§ **WHAT YOU ARE ASKED TO DO**: Every entry is to be returned unchanged, and no picture is to be included.

** PROVIDED ENTRIES follows **

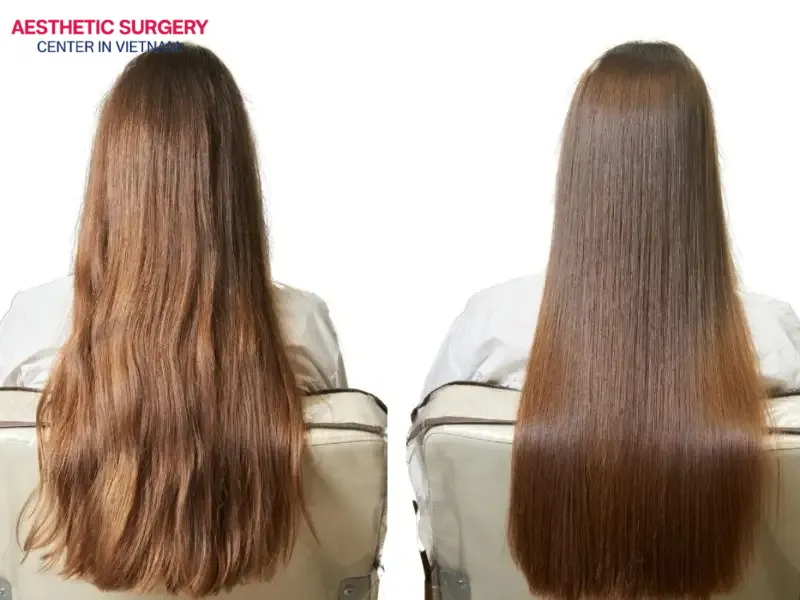 There are multiple factors that affect the hair botox treatment price in Vietnam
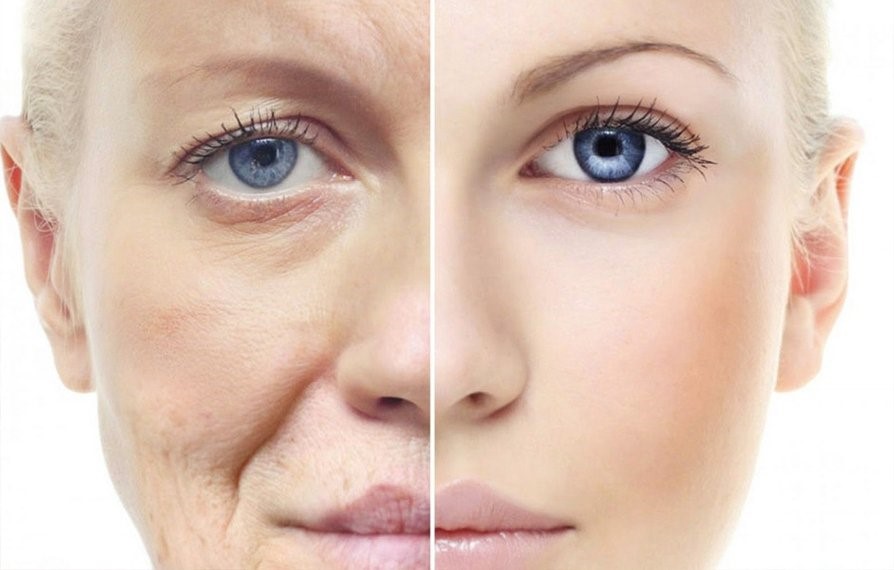 Kırışıklıkları önlüyor! Yaşlanmaya karşı altın değerinde tavsiye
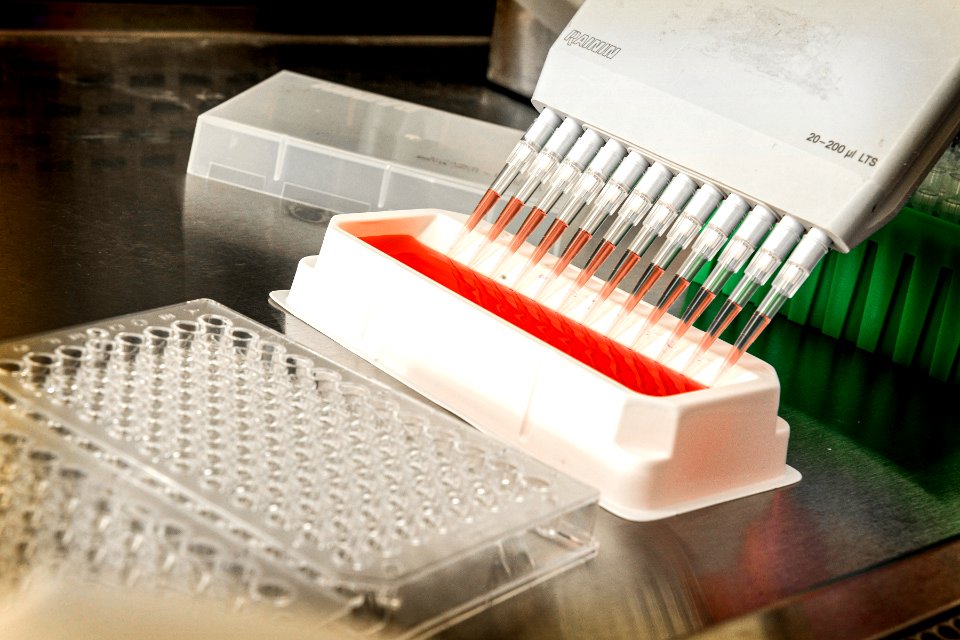 Test Tubes from experimenting on coronavirus. Original image sourced from US Government department: Public Health Image Library, Centers for Disease Control and Prevention. Under US law this image is copyright free, please credit the government department whenever you can”.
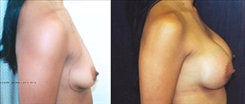 Breast Augmentation Patient Before & After Photo 1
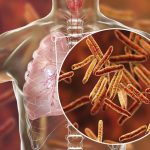 Europa no detecta uno de cada cinco casos de tuberculosis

** End of PROVIDED ENTRIES **

§ **TASK RESPONSE**:
 There are multiple factors that affect the hair botox treatment price in Vietnam
 Kırışıklıkları önlüyor! Yaşlanmaya karşı altın değerinde tavsiye
 Test Tubes from experimenting on coronavirus. Original image sourced from US Government department: Public Health Image Library, Centers for Disease Control and Prevention. Under US law this image is copyright free, please credit the government department whenever you can”.
 Breast Augmentation Patient Before & After Photo 1
 Europa no detecta uno de cada cinco casos de tuberculosis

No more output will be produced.